What you need to do:
From the entries below, please output exactly the lines starting at the one containing "Stephanie's white striped" and ending at the one containing "Custom Camo Black-Gray", both included.

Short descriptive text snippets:
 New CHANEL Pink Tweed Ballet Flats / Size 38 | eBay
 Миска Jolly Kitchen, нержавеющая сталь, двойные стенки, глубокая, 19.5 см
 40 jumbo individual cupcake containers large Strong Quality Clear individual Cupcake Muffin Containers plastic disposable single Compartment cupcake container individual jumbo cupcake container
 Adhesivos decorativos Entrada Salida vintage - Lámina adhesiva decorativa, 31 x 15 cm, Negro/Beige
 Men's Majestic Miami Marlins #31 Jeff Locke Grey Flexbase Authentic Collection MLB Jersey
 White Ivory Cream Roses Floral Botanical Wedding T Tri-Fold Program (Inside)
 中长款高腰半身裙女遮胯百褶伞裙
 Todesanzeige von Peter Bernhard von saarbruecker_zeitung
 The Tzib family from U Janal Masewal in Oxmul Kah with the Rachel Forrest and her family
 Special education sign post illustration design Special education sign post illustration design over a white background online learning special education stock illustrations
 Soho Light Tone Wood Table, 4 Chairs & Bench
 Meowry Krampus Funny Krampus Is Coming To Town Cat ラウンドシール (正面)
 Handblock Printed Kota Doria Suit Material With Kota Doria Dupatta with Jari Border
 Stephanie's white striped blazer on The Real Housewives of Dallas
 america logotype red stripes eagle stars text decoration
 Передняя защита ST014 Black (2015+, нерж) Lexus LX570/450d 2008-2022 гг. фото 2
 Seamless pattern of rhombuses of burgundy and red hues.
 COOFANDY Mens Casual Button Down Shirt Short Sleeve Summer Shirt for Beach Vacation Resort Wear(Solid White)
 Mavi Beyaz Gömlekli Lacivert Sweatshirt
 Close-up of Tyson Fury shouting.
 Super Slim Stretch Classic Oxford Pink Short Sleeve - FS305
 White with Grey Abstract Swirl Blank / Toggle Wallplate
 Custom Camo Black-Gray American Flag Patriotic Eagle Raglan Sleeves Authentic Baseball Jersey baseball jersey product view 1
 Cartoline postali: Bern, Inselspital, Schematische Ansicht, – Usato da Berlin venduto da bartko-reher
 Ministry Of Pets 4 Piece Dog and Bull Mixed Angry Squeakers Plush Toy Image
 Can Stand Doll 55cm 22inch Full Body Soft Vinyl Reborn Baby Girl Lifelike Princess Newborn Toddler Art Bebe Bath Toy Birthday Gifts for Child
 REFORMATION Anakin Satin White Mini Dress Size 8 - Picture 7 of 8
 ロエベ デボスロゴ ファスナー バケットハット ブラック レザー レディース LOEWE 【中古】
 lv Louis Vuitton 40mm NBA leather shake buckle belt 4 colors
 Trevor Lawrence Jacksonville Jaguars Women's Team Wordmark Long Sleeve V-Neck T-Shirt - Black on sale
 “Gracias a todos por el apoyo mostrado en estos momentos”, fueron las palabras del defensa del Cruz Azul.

Task result:
 Stephanie's white striped blazer on The Real Housewives of Dallas
 america logotype red stripes eagle stars text decoration
 Передняя защита ST014 Black (2015+, нерж) Lexus LX570/450d 2008-2022 гг. фото 2
 Seamless pattern of rhombuses of burgundy and red hues.
 COOFANDY Mens Casual Button Down Shirt Short Sleeve Summer Shirt for Beach Vacation Resort Wear(Solid White)
 Mavi Beyaz Gömlekli Lacivert Sweatshirt
 Close-up of Tyson Fury shouting.
 Super Slim Stretch Classic Oxford Pink Short Sleeve - FS305
 White with Grey Abstract Swirl Blank / Toggle Wallplate
 Custom Camo Black-Gray American Flag Patriotic Eagle Raglan Sleeves Authentic Baseball Jersey baseball jersey product view 1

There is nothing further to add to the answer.